* What this task involves: Everything below from the line with "PS4 PRO 1TB + Jocuri" through the line with "možno předat v Kladně Rozdělově" should be copied exactly, and nothing else; leave out the pictures.

* Exercise material:
"""

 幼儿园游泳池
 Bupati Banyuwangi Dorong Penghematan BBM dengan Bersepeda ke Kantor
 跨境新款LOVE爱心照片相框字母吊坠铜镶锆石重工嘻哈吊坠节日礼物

"""
"""

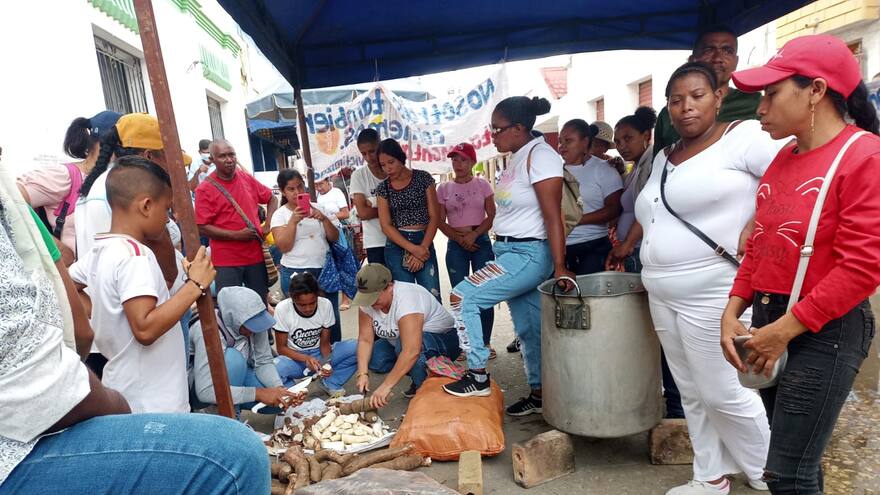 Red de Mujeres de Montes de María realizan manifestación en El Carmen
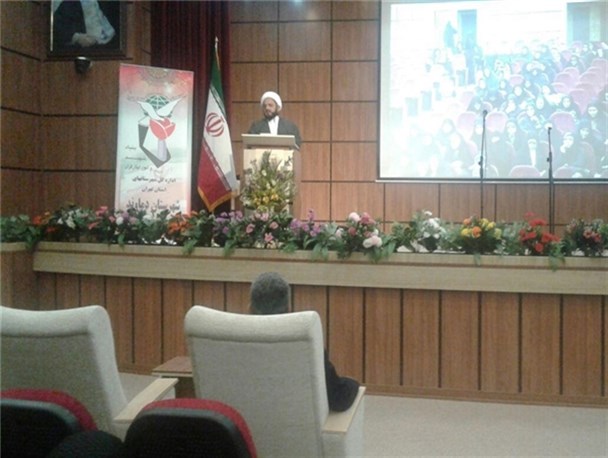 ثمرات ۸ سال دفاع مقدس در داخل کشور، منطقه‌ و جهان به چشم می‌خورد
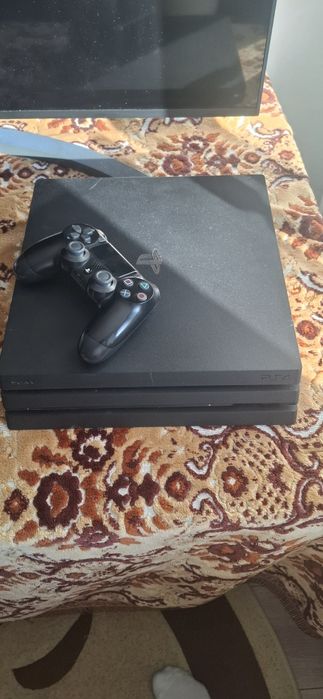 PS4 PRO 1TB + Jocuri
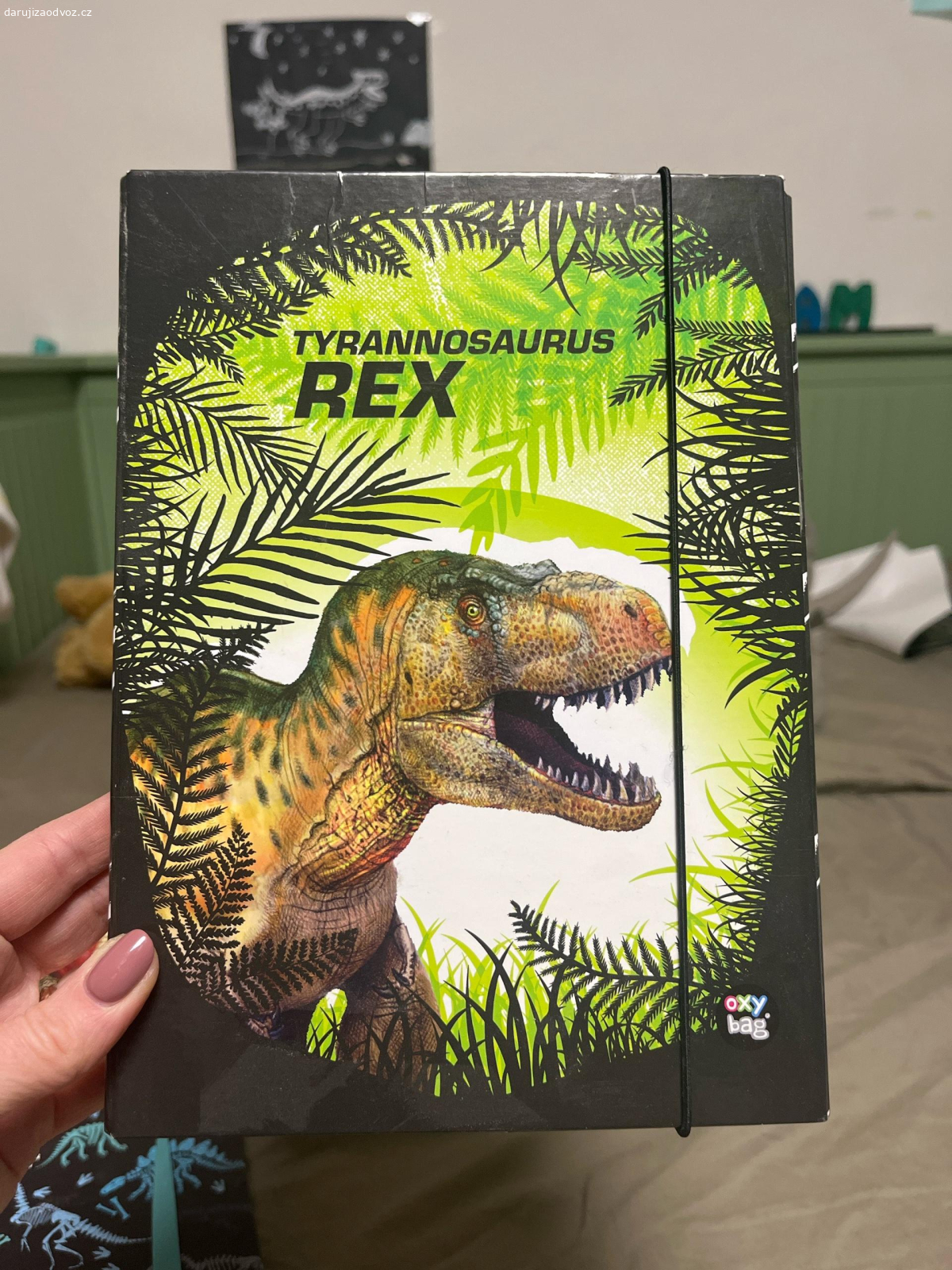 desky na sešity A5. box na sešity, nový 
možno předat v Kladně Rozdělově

"""

* Output below:
 PS4 PRO 1TB + Jocuri
 desky na sešity A5. box na sešity, nový 
možno předat v Kladně Rozdělově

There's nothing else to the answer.